If you sized a low pressure, high volume centrifical pump for just the head difference, I would expect you got a rude awakening if you paid no attention to the piping layout or inlets and discharges.

Get a copy of Crane TP-410,The Piping Handbook, or any basic piping flow text.

[Polarity]

Other constraints drove the pump specification and now I am looking for the best performance possible from what we have (it is already adequate, I want better!), ditto the scoops.

I am familiar with the issue of valves and bends adding additional back pressure - (we use Valterra type slide valves in all the pipes) , though your revelation of 6ft for a 90deg bend means I will be changing the one 90 we have to a smooth radius!

My question relates specifically to the head loss of an exit pipe into air (top fill) V's the head loss in an identical pipe into a (say) half full tank of water - bottom fill

Thanks

Paul

[marshmat]

Quote:

Selection of a poor inlet and outlet geometry and valving can result in easily doubling or trippling the head losses....

Quote:

I am familiar with the issue of valves and bends adding additional back pressure....

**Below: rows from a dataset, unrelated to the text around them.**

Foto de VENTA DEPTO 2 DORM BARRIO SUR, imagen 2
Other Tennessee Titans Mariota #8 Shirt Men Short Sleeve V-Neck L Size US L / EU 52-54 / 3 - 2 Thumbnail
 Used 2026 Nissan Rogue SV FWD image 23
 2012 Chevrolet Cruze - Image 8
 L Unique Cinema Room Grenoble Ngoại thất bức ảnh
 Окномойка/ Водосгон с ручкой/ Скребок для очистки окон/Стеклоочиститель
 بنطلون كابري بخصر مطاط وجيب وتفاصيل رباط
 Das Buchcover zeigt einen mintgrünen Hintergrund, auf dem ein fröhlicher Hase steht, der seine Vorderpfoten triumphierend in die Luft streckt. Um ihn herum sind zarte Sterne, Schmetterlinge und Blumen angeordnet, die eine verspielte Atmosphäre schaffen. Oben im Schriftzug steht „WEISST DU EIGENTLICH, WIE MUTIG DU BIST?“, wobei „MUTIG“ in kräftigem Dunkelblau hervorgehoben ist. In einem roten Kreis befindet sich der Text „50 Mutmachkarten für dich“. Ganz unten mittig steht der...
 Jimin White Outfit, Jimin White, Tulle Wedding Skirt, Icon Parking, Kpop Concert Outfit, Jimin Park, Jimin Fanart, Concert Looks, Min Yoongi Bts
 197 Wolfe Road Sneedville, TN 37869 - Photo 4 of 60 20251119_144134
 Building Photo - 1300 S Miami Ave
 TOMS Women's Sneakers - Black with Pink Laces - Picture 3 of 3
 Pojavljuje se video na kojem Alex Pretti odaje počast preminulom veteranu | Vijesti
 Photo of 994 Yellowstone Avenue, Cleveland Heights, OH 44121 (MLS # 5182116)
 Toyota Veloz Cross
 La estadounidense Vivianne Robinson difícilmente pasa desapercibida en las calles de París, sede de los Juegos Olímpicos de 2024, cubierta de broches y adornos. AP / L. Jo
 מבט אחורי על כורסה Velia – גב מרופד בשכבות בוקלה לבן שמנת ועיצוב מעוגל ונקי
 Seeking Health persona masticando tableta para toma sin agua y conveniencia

If I'm not mistaken, rwatson and jehardiman have pointed out a very significant factor that will affect your results.
The commentary I posted earlier is valid for the case where you have negligible losses in the pipe and in the outlet to the tank. (I was under the impression you were going to start with the theoretical, lossless scenario and work from there.) Is this the case in your boat? Are you sure?
In practical applications, there are losses to consider. Not only the pipe and fittings are at fault, but there can still be resistance to the flow after it enters the tank, due to whatever medium is already in there.
When you fill from the top, your water is exiting the pipe into... air. At ~600 times less dense than water, this presents little resistance, thus the flow loses very little momentum as it exits the nozzle. (Ever notice how jetboats almost always have the pump nozzle above the operating waterline?)
When you fill from the bottom, the static head you have to contend with is much less than when you fill from the top. At least, it is at first. Once you are discharging into water, though- and with a free surface, no less- things get unpredictable. If the velocity of the outflow is high, thus a fair bit of momentum and a fair bit of kinetic energy tied up in the moving water, the back pressure on the outflow stream can (note I say can, not will) increase significantly. I doubt your tanks are designed to maintain clean, laminar flow within the tank? Because there's no way in hell that they can. So you get turbulence, lots of it, and you get an outlet stream that is decelerated very rapidly upon exiting the nozzle. My understanding is that this translates to a higher pressure in the nozzle and its supply line, thus a higher pressure at the pump outlet- possibly as high, or higher than, the pressure on the pump outlet in the top-filling case where there is no additional resistance after the flow exits the nozzle.

[jeff spinney]

so if all piping is the same in both methods of filling the tank except the extra length of vertical in the top filling method,the friction of forcing water into water by the bottom filling method will or won't be greater than the always higher head of the top filling?maybe if you shoot the water in from a side you could create a vortex that should get rid of some turbulance.
i'm just trying to keep up with you guys for fun,but i'm learning few things here that might come in handy,we use live wells that we have to drain and fill to put away crates of fish.Let me know if i'm buggin you too much.
also rethinking my statement of all pumps should pump the same presure if loaded with the same power driving them,i should have thought more about your example of the hydraulic pumps,thinking of the higher presure a dinamic pump wouldn't be able to make seems less complicated to me,anyhow i'll keep waiting for a verdict on the fastest way to fill the tank

[jeff spinney]

matt i guess your comment wasnt on my computer before i sent mine, but how come creating flow on the inside is impossible,,,because of baffling?

[marshmat]

Once in the tank, the flow is going to be completely irregular and very turbulent, unlike in the pipe where, although there is turbulence, the flow has a reasonably uniform overall momentum.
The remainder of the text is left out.